Required action: For the records below, please print exactly and only the lines from the one with "Age-laste采集到设计湿-微信" down to the one with "Колесо большегрузное SCALb", both ends included, omitting the pictures.

Available data:
*-*-*

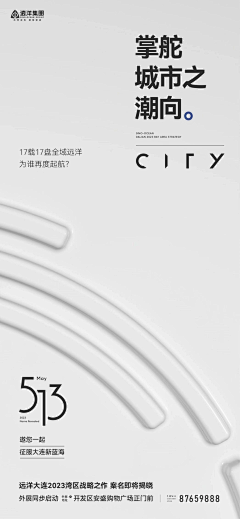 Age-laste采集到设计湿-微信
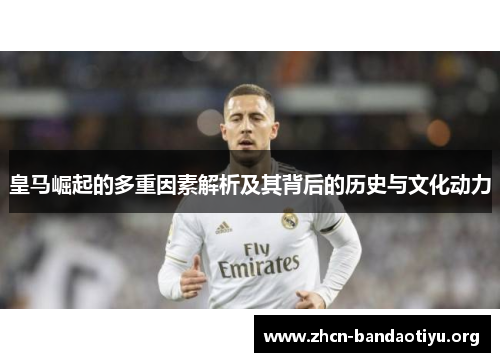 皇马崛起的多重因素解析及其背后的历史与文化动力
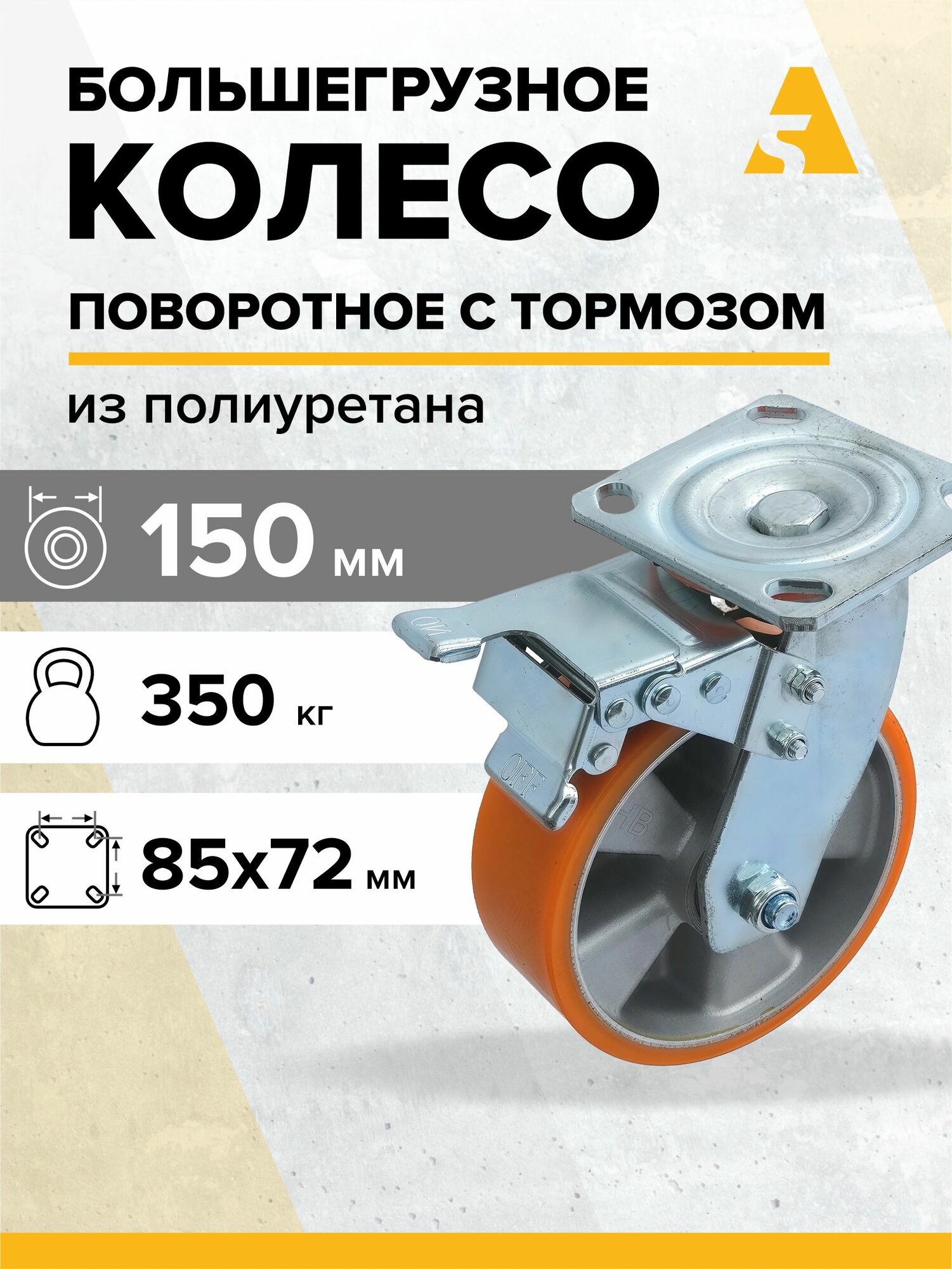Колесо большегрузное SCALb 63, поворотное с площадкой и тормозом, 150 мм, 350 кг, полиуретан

*-*-*

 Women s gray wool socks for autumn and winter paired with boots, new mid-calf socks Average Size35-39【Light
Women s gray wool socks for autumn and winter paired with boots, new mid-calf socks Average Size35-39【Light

*-*-*

Answer:
 Age-laste采集到设计湿-微信
 皇马崛起的多重因素解析及其背后的历史与文化动力
Колесо большегрузное SCALb 63, поворотное с площадкой и тормозом, 150 мм, 350 кг, полиуретан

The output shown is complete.